I have not tested this! This is merely a theoretical exercise, whose applicability to the economic world is completely questionable.
Currency exchange markets [this does not include legislated equivalences such as the Hong Kong dollar relative to the U.S. dollar] have an unusual trait: assuming "sufficient liquidity", they are always at "near real-time" equilbrium. Assuming there is a reasonable supply of currency, "sufficient liquidity" is enforced by computers as currency traders; the computers will try to rectify all triangle-trades. [For band-type regimes, this heuristically should apply "near the middle" of the band.]

This is a qualitative difference from the 1930's Great Depression: the trading triangles are now "rigid" rather than "floppy". I haven't thought out whether this should amplify or mitigate the effects.

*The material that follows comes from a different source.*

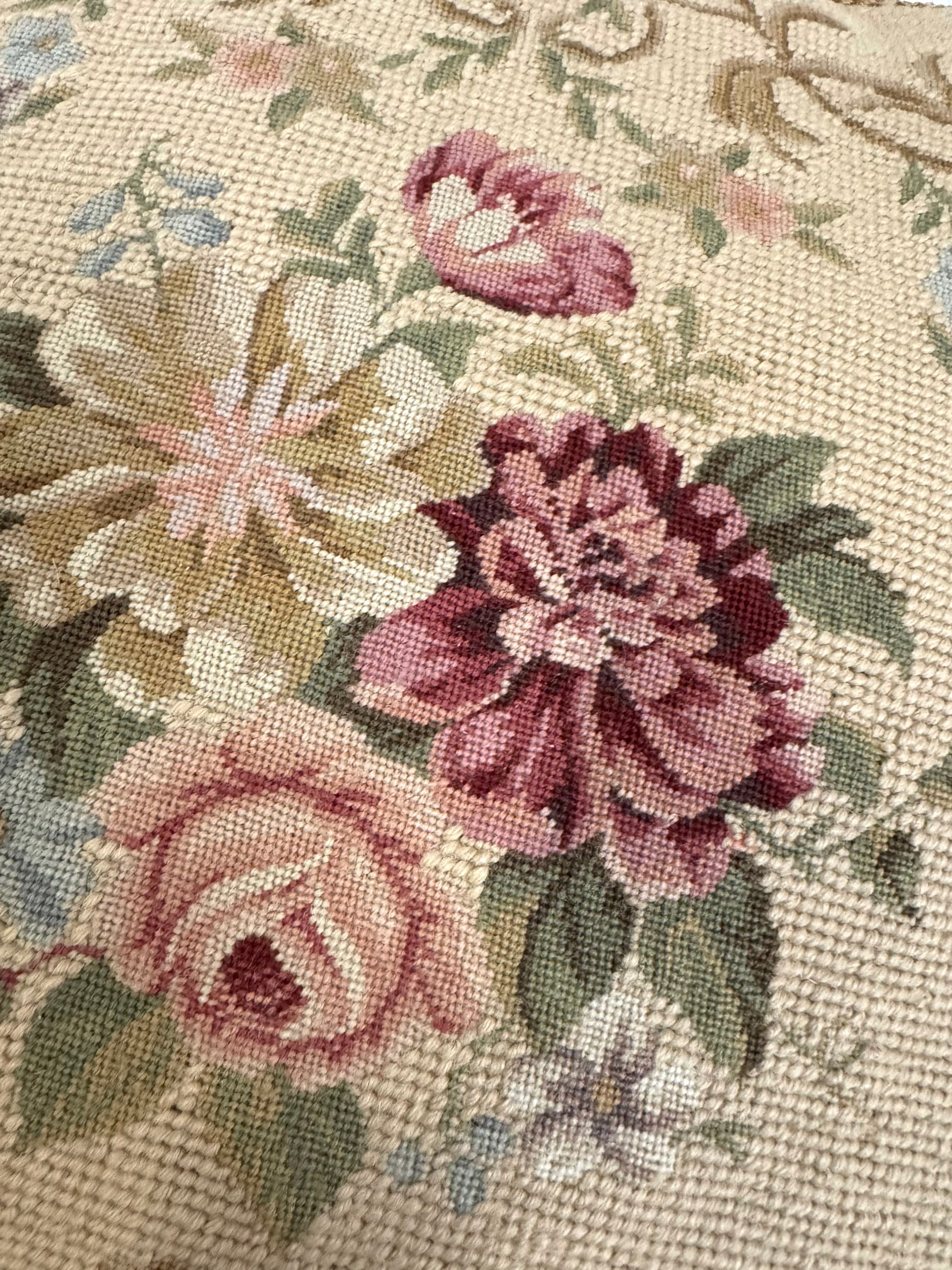 Roses Needlepoint 15" Tasseled Pillow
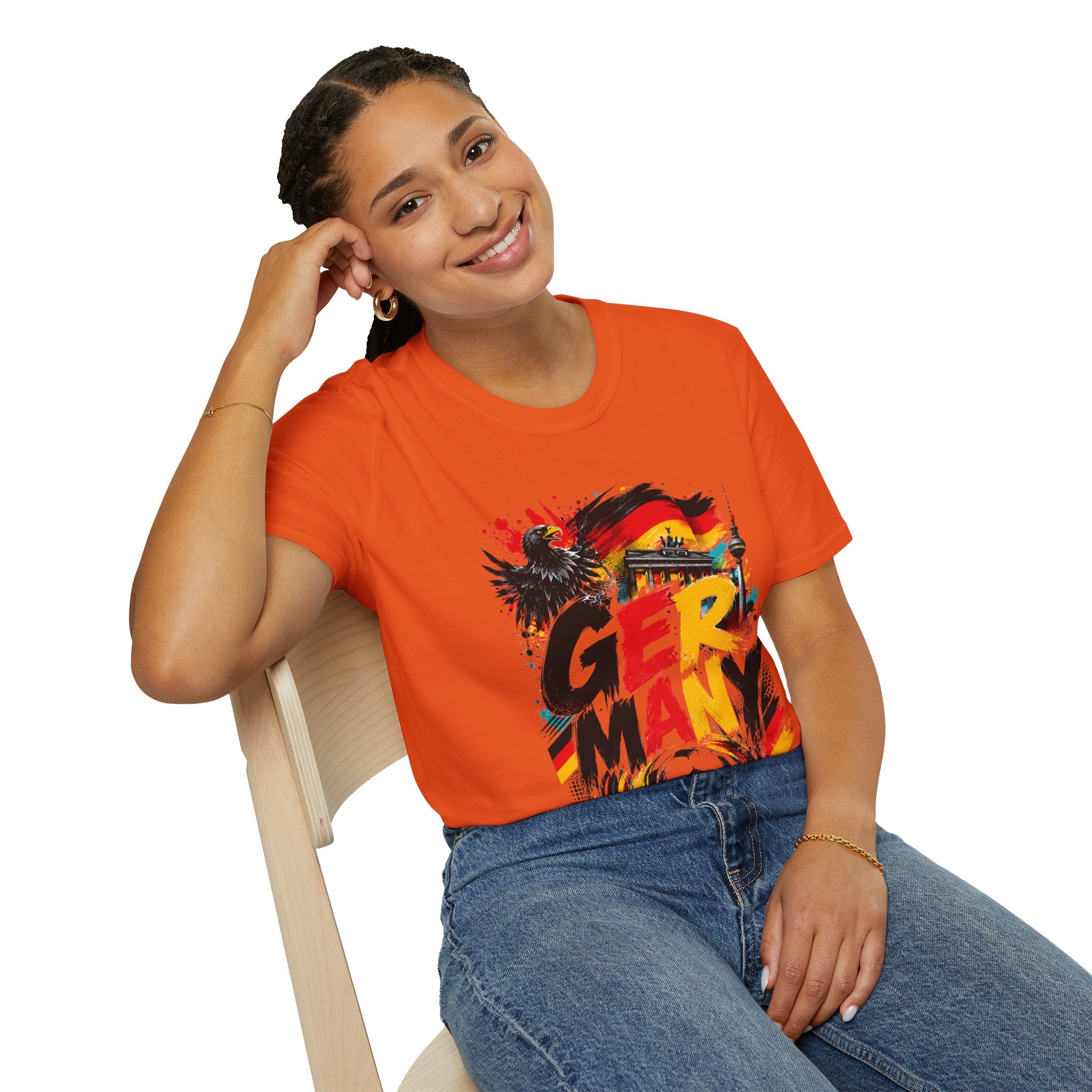 Germany Soccer Graphic T‑Shirt — Flag, Eagle & Brandenburger Tor Design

However, considering the provocation to violence in Indonesia (ethnic Moslem vs. ethnic Chinese, ethnic Christian, or police stations; particularly since Ramadan 1998) and South Korea (labor unions directly clashing with military and/or police; particularly since January 1999), I would speculate that the net effect of "rigidizing" the currency triangles is to amplify the effects.

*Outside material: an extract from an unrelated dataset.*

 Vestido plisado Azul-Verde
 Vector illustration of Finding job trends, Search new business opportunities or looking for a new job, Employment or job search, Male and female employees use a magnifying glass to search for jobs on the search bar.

Those of you who actually know the technical terminology, please excuse the informal way I write this up. My background is very limited. (I'm a mathematician and programmer, not an economist!) If my Lord Jesus Christ has granted me an accurate self-knowledge of my knowledge, I should have near-total recall for the fundamentals covered in the following courses at K-State: Intro to Microeconomics [F89], Intro to Macroeconomics[S90], or Intermediate Microeconomics[F90]. I should fade out very quickly after that.
Intercurrency trade

I will define intercurrency trade as the export of a good or service from one currency area to another. There are two cases: price in buyer's currency, or price in supplier's currency. In any case, the buyer's currency must be different than the currency the supplier needs for its bank accounts and ultimate bookkeeping. Now, let's apply this to the infamous Japan trade surplus with the U.S.A. and the corresponding (exact-negative) trade deficit of the U.S.A. with Japan. This has two components: We assume that both goods and services from Japan, in the U.S.A., are priced in U.S. dollars. We also assume that both goods and services, from the U.S.A., in Japan, are priced in Japanese yen.

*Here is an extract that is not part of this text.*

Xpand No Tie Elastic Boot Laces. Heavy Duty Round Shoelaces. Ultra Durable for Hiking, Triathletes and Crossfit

Let's assume that the BoJ gets its target rate (as of somewhen in May 1999) of 120 yen/U.S. dollar, and that this is relatively stable. Let's furthermore fantasize that the trade surplus with the U.S. is, say, 1.0 trillion yen/month. Supposing the exchanges are open 24 hours/day, let's pretend that we're in a 31-day month, so the trade surplus for a given day is about 48 billion yen. [Both "trillion" and "billion" are American: 12 and 9 zeros, respectively.] [We will also do a what-if the trade surplus was 1.5 trillion yen/month. These figures are from the March 1999 trade surplus figures reported in May 1999. The what-if has a trade surplus of about 72 billion yen for the day in question.]

Now, realize that this figure is resulting from:

But the exchange rate is resulting from College Algebra exercises: VERIFY THESE CLAIMS! I pulled my example trade surplus numbers from a report in the May section of the Crash page.
Intercurrency loans

I will define an intercurrency loan as a loan that must be paid back in a different currency than the local currency. These were instrumental in starting the Crash in June/July 1997.

Observe that when an intercurrency loan is disbursed, it creates an automatic supply of the lender's currency (which generally is diffused over days or months).

The problem is when an intercurrency loan is repaid. Intercurrency loan repayments create an automatic demand for the lender's currency. [Now, we see why it is often illegal to price imports in the exporter's currency...] If automatic demand for the lender's currency exceeds automatic supply (from the trade surplus and other sources), there is a risk that the borrower's currency will have a 'desperation boost' in supply. This 'desperation boost', if not matched by a supply boost in the lender's currency, will result in a shortfall of actual demand of the lender's currency relative to automatic demand. Mass loan defaults follow.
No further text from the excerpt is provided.